Allontano la mano dalla sua. Come posso tenerlo per mano mentre lo pugnalo al cuore? «Miguel, non ho cambiato idea, la penso sempre come prima. Non posso lasciare tutto così. Dammi tempo. Abbi fiducia in me.»
Lui si irrigidisce, il volto una maschera di ghiaccio.
«Sei venuta a letto con me, nonostante sapessi come la pensavo al riguardo?»
«Miguel, per favore…»
Lui si appoggia allo schienale, come per rendere esplicita la distanza che si era creata tra di noi. Trascina addirittura la sedia indietro e fa quasi per alzarsi, poi riprende.
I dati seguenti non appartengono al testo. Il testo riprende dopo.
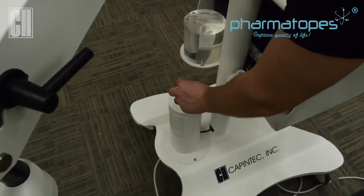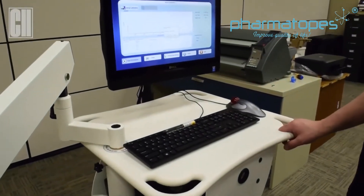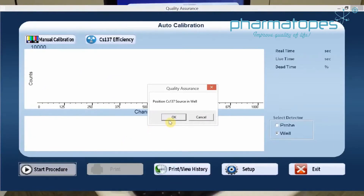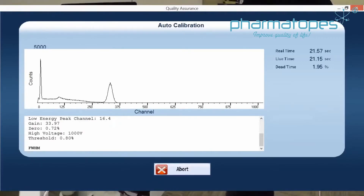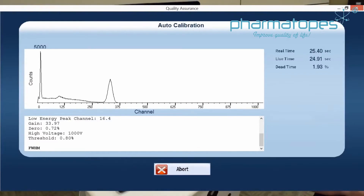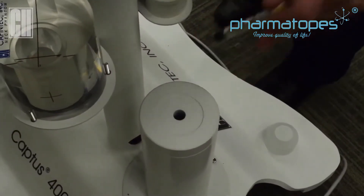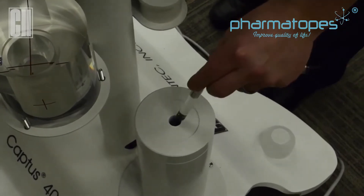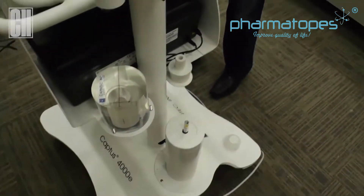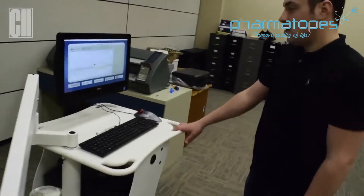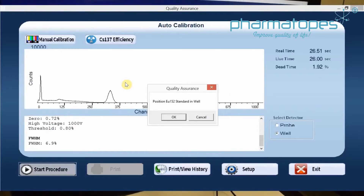Again, we want the black tip down — place it into the well. Once the source is in place, click OK, and we'll do the calibration on the well. Once the calibration for cesium is completed, we're going to do linearity on the well detector. Now that the calibration is completed, we're going to do linearity with europium. Remove the cesium source and position your europium source into the well, black tip down. Once in position, click yes to linearity, and then OK to start the calibration.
«No, tu! Tu, per favore! Cos’hai in testa? Conta così poco per te l’amore? Hai una così bassa stima di te stessa da concederti a chiunque, per piacere o per la scienza?»
«Adesso stai esagerando, Miguel!» Cerco di riavvicinarmi, ma lui non me lo permette.
«Stai offrendo la tua vita e il tuo corpo per adescare uomini nei locali, la sera. Vai a letto con un uomo sapendo di non volere un futuro con lui. Ti stai buttando via così… Non hai nessuna autostima, Juliette.»
Non avevo mai considerato la situazione da questa prospettiva. E continuo a non volerla vedere. Assolutamente! Ora sono io quella che si allontana, alquanto indispettita.
«Miguel, non ti permetto di continuare questo discorso. Mi stai offendendo, stai sminuendo il mio lavoro, la mia fatica e la mia persona. Non pretendo che tu capisca, ma almeno abbi la decenza di rispettarmi!»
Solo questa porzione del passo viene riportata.